HOME HEALTH CARE: HCFA Finalizes Controversial Regulations
Home health care providers will still have to post "surety bonds of $50,000 or 15% of their Medicare revenues, whichever is greater," and they will also have to make do under "an interim payment system that will keep Medicare payments at 1994 levels until October 1999." Home health care providers who were "counting on" changes in these Medicare rules "got a letdown Monday" when the Health Care Financing Administration published its final regulations, the Albuquerque Journal reports. The initial regulations, contained in last year's Balanced Budget Act and announced in January, brought widespread criticism from the home health care industry, which contended the regulations would put them out of business. HCFA said in March it would "amend" the regulations, but announced Monday that changes wouldn't be made until at least 2005. Explaining the decision, HCFA said in a release Monday that the surety bond rule would "help assure that fly-by-night providers are kept out" of the industry. But many in the home health care industry "say the surety bond requirement is a hardship, because they lack the buildings or vehicles that other kinds of businesses would use for collateral." Further, the reimbursement levels set under the interim rules are often less than the actual costs of taking care of a patient. The Journal reports that a "federal suit challenging the new rules is scheduled for a hearing Monday in Dallas." There are also bills pending in Congress that would change the rules. A bill in the Senate would place the surety bond requirement only on agencies less than a year old and other bills pending in both houses would change the reimbursement system.

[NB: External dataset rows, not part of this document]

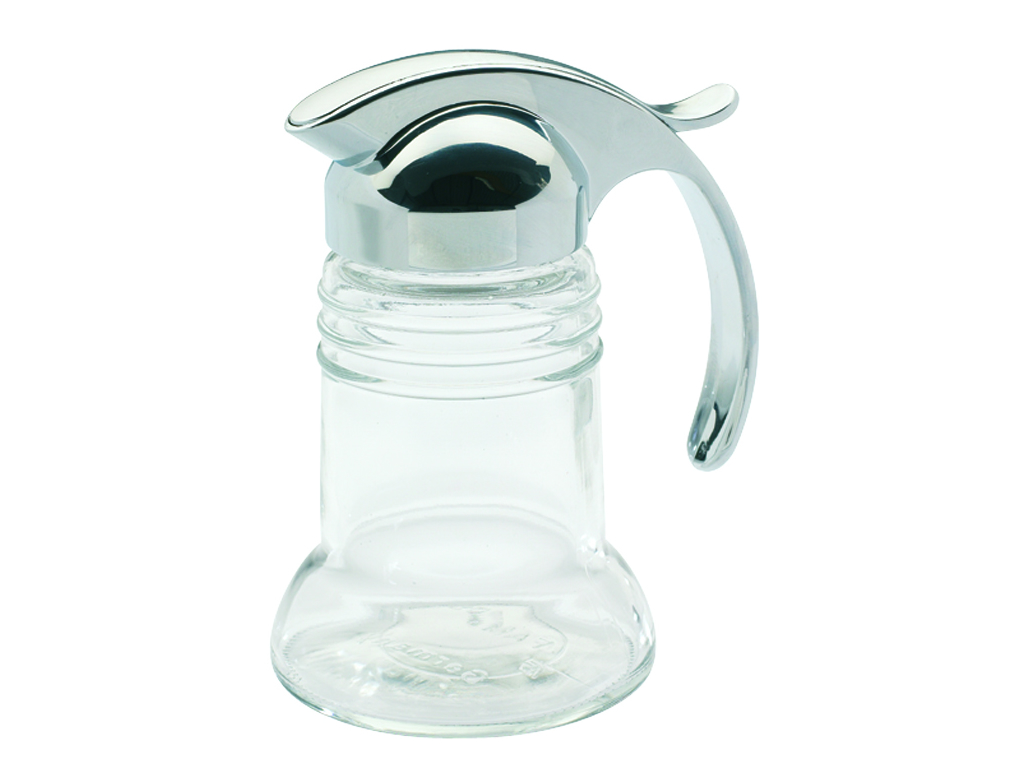 Jarra de miel París Cromo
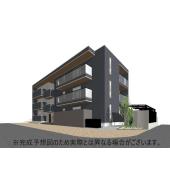外観パース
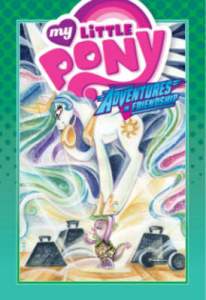 My Little Pony: Adventures in Friendship Volume 3 1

No Home (Health) On The Range
In New Mexico, the interim system will cost health agencies $30 million, the Journal reports. New Mexico Association for Home Health Care Executive Director Jole Glenn said that in some cases the federal reimbursements are $400 too low per patient. High Country Nursing Home President Frank Pollan said the $30 million estimate doesn't take into account that some agencies might have to close down. "It looks real bleak," he said, adding that because his agency can't produce a $50,000 surety bond it will be forced to close, thus leaving 50 patients without care. According to a show of hands at the state AHHC meeting last week, almost all of the approximately 125 agencies said they "might have to close because of the new rules." Even if changes are made in 2005, Gary Moffit, co-owner of Basin Home Health Care said, "It could still be the death knell for our industry. It's probably going to be changed, but it's going to be much too late for the majority of providers. A lot of Medicare recipients are going to be grievously harmed" (Sedrel, 6/1).